There are no tests that can confirm diagnosis. Blood tests such as anti-nuclear antibodies by immunofluorescence (50-80% positive), anti-SSA antibodies (50-80% positive), anti-SSB antibodies (30-50% positive) and rheumatoid factor (50-80% positive) can indicate possibility of disease in a given symptomatic patient. ESR, a marker of inflammation, is often raised. Various other tests may be required to be performed for assessing organ involvement in this disease.
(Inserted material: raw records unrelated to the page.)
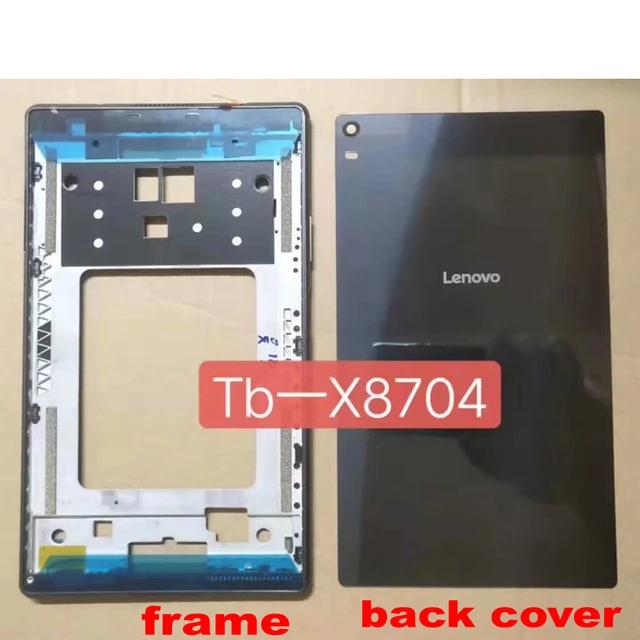 Original New Tab 4 8 Plus TB-X8704F Battery Back Cover Housing For Lenovo  Tab 4 Plus TB-8704X TB 8704X TB-8704V Front frame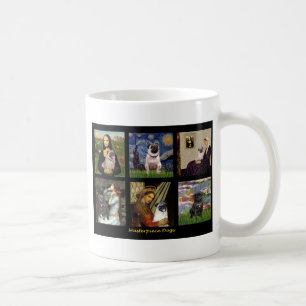 Beroemde Art Pug Composiet #1 Koffiemok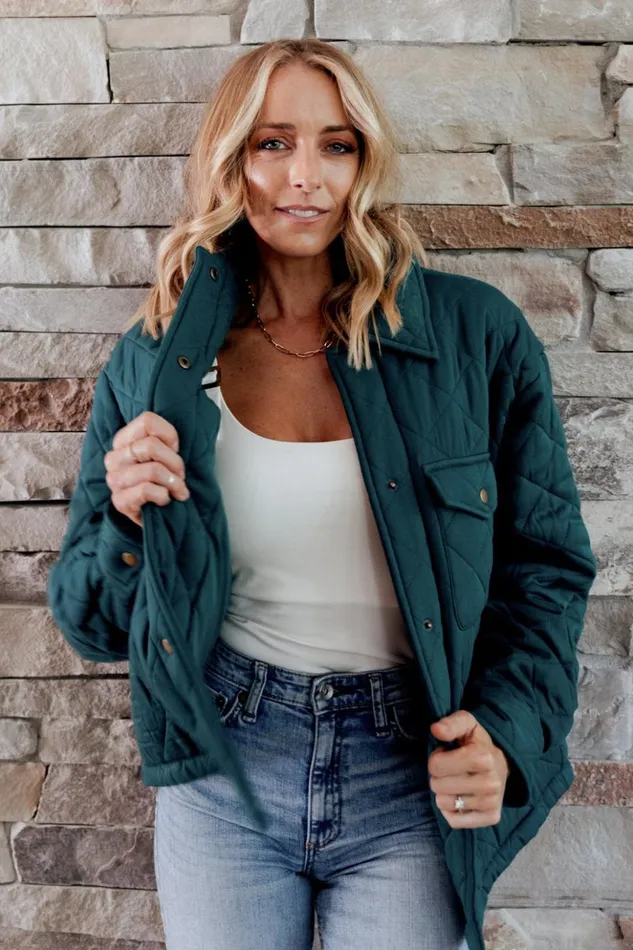 Baltic Born Outerwear Nadia Button Up Jacket Emerald 8211 Women Baltic Born Outerwear Nadia Button Up Jacket Emerald 8211 Women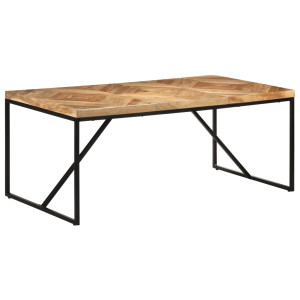 vidaXL Eettafel 180x90x76 cm massief acaciahout en mangohout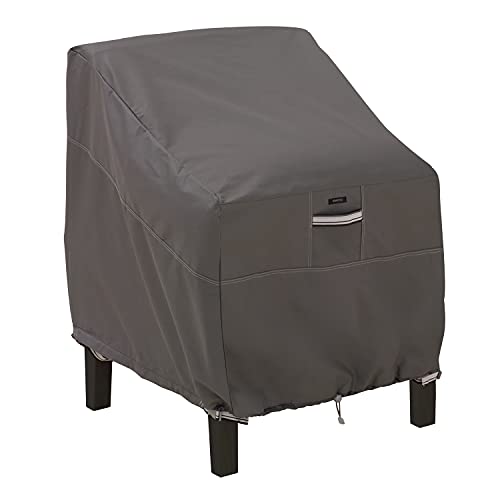 Classic Accessories Ravenna Water-Resistant 38 Inch Patio Lounge Chair Cover, Patio Furniture Covers Dark Taupe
Although there is no cure for Sjögren’s syndrome, early diagnosis and expert rheumatology management can improve various symptoms and prevent complications. No increase in mortality is reported in these patients. It is, therefore, imperative that treatment should be continued for lifetime. The disease varies from patient to patient requiring personalized management. Help from a dentist and an eye specialist is also required. Pain can usually be managed with paracetamol. Stronger pain killers may be required in some cases. Regular aerobic exercises help in alleviating fatigue. Anti-depressants are required in selected cases. In cases with organ involvement, immunosuppressant drugs are prescribed. These must be used under expert supervision. Rituximab, a new biologic agent, has shown promising results in cases of Sjögren’s syndrome. More drugs are being studied and are expected to be available in coming years.

Care of mouth:

  1. Drink sips of water regularly and maintain good hydration.
  2. Avoid frequent sugary fruit juices and carbonated drinks as many of them are acidic. Citrus fruits and drinks (acidic) and irritants (tobacco, coffee and alcohol) should also be avoided.
  3. Sugar-free gums and lozenges containing xylitol or lactoferrin increase flow of saliva.
  4. Use non-abrasive fluoride containing toothpaste. Local fluoride gels are also useful.
  5. Brush and floss after every exposure to sweets. Always brush before going to bed.
  6. Pilocarpine and cevimeline are useful in most cases with functional salivary gland. They should be used with caution in patients with asthma, heart disease, glaucoma and liver disease.
  7. Fungus infection (thrush) due to Candida albicans must be promptly treated. This infection manifests as distaste or metallic taste, burning sensation and redness of tongue. Replace old toothbrush by a new one. Consult a dentist and start treatment without delay.
  8. Visit your dentist every 4-6 months.

Care of eyes:

  1. Avoid dry surroundings such as air-conditioned rooms and heat (afternoons and summer season). Humid air helps – use humidifiers in room.
  2. Avoid blowing air into your eyes (fans). Avoid smoke. Do not rub eyes.
  3. Blink more frequently – this spreads your tear film more evenly.
  4. Wear glasses when moving out. Glasses must cover the entire eye and should not have a nasal bridge (wrap-around like swim-goggles, safety glasses or glasses with side shields). Moisture chamber glasses can also help.
  5. Try to avoid drugs that cause dryness.
  6. Artificial tear drops and ointments – Various formulations are available. Choose the one that helps you the most. Use eye drops before irritation develops. It is good to use gel at night.
  7. Punctal occlusion blocks a duct that drains tears into nostril. This can be temporary or permanent.